Getting back from Applebees, we had about an hour left. I needed to warm up again, having been out in the cool air and not playing for a few hours. I was fooling around with a couple songs, and finally settled on one piece. Having played through half of it, one of the sound technicians came over and asked if he may have a chance at it. I was happy to let him, and he took the violin with his rather hammy hands. He proceeded to play out of tune, but with an obvious knowledge of the instrument. He played very stiffly, gripping so hard that I was on the verge of being nervous. When he stopped, I asked how long he had played for. "Until I was 14", he said. I asked why he didn't continue on. "Well, I was getting beaten up every single day at the bus station in Boston on the way to school...". Good reason.

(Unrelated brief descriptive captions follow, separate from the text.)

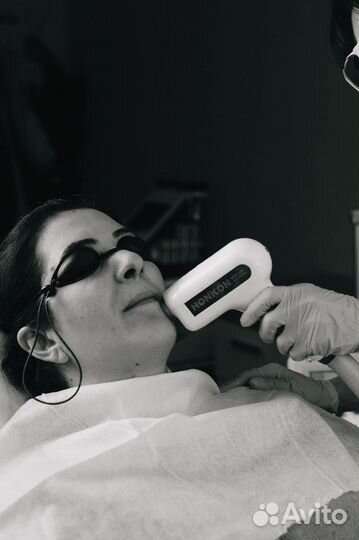 Лазерная эпиляция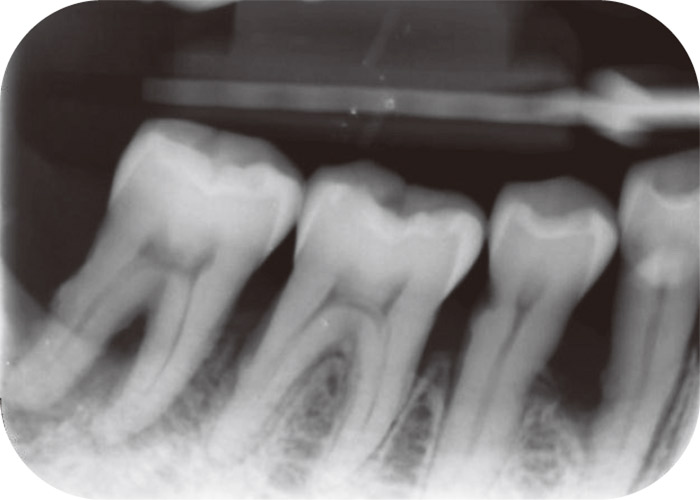 症例1-2 同部位のデンタルX線写真では遠心根の周囲の骨が吸収していると想像できる。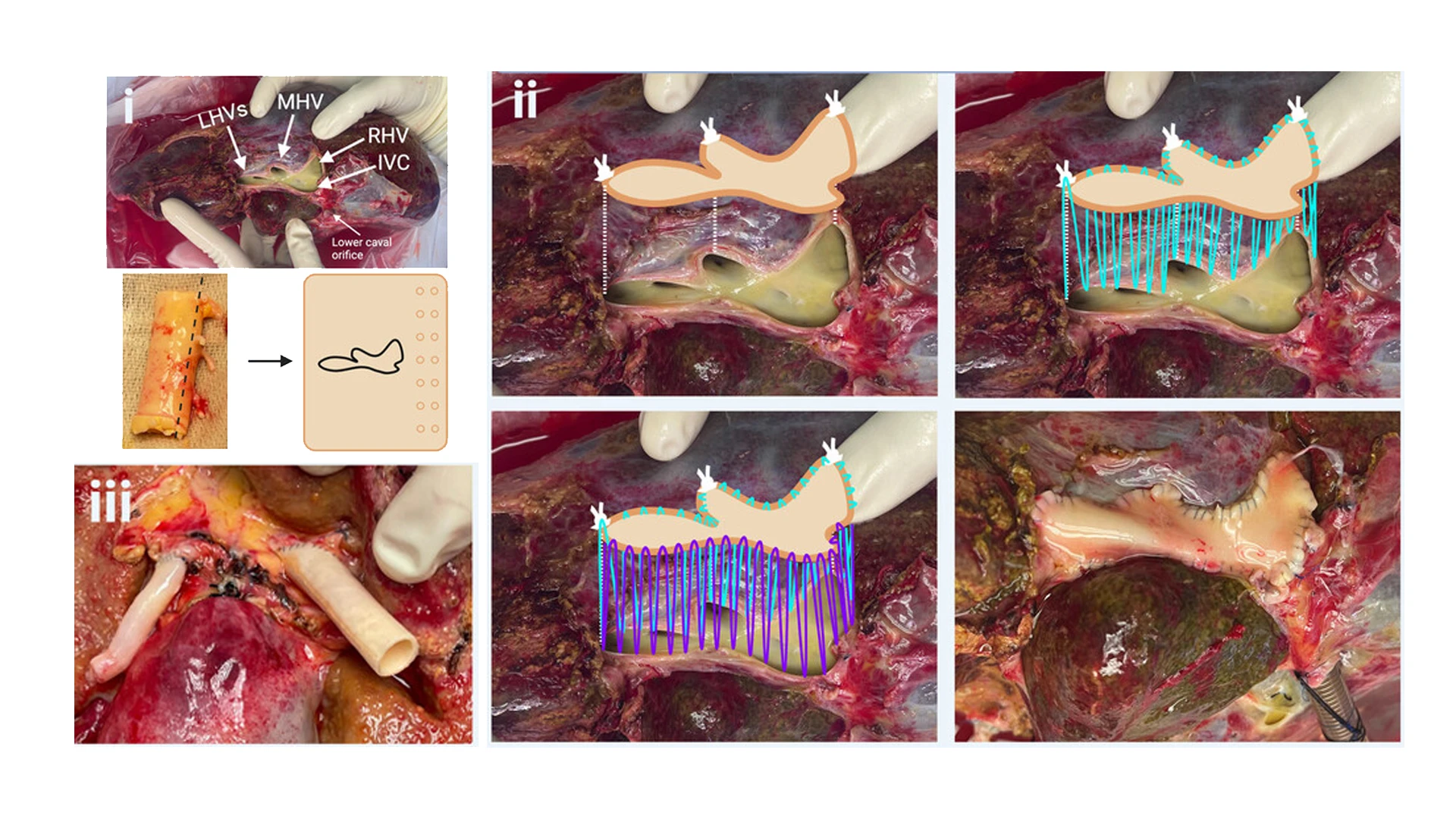 In a related study published on Artificial Organs, the research team found validation for using closed-circuit normothermic machine perfusion as a platform to study organs for mechanisms of disease and applied therapeutics. The technique involved reconstructing a singular venous outflow tract to make the hepatectomized livers compatible with the perfusion machine, by suturing a graft covering various hepatic veins and the inferior vena cava (images I through III).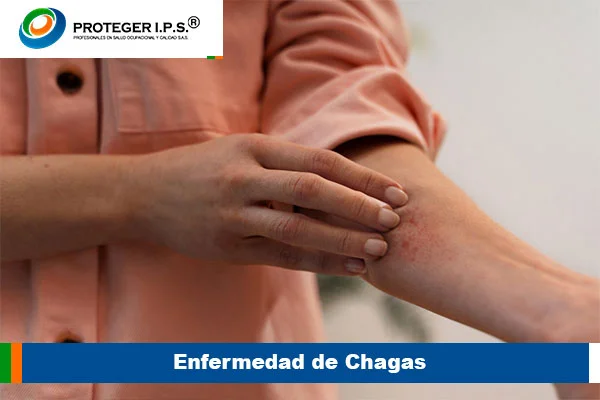 Enfermedad de Chagas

Making music in a small group like this is great. You can almost get to know a person's personality through their style of playing. Everyone is heard, and everyone has an important role. Even more enjoyable is getting to know faces that I might only see once a year, once every two months, and even every week. Rather than the standard dry tacky and dull, "Hi. How are you?", holding an actual conversation. It makes for a good time. As much of a hassle as it is, I wish I could do it every month.

Tuesday, March 14, 2006

You know that it is going to be a long week when you keep thinking that it is Wednesday, when in fact it is still Monday.

Sunday, March 05, 2006

I hate (small) dogs

I went for a walk a while ago. It was a longish walk. A nice day, too. I was glad to be able to stretch my legs. While walking on a certain road, I heard the universal irritating rapid fire sound of a tiny dog screaming and barking of a yard about one-hundred feet or so away. Ahh, I thought, the first catch of the day. This would put the icing on the already delectable cake of the day. punt!, or so I was hoping to do. These stupid dogs think they can really take on an entity that is thirty times its own body mass. And they only bark and yip in such an annoying manner because their stupid liberal owners are too "tolerant" and "understanding" and "animals are people too" to yank on the leash and tell them to shut up (you can tell it's bad when their kids act the same way...). Then they dress them up in little sweatshirts so that they can bark at you even when it is snowing out (whoops, drove the snowblower a little too close to the doghouse that last run...) Anyways, the retardog was barking for at least a minute now. Then it burst out and started charging toward me. I was smiling. Then, from the yard that the dog ran from, a door of the house opened, and a young boy of around eight or nine came out. *napoleon sigh*, I can't send this kid's dog into orbit while he is watching. So I kept on walking down the road towards the house that the dog came from, which I hadn't yet passed. The incessant barking continued. Somewhere from inside the house I could hear multiple times, "Get the dog!! Billy, get the dog!!" (for the sake of anonymity, actual names have been ommited). The dog got about five feet away in front of me and maintained that distance while I kept walking towards it. He ran towards me and I lifted my foot up and put the sole of my size 12 in front of its face. It freaked out and ran backwards in a few circles. It ran behind me, and I am convinced that it was aiming for my butt, but I kept it a good few feet away. I was getting miffed because it was annoying me, and I couldn't kick it because the kid was still standing on the doorstep. Around that time, the sizable mother came out the front door and started yelling to the dog to "Get over here!". After trying that a few times, she actually walked out to get the dog. She picked up the demon midget, which still had not stopped barking. She apologized a couple times.

Then, she apologized one final time and said, "I'm sorry, he really loves to make friends, just in the wrong way".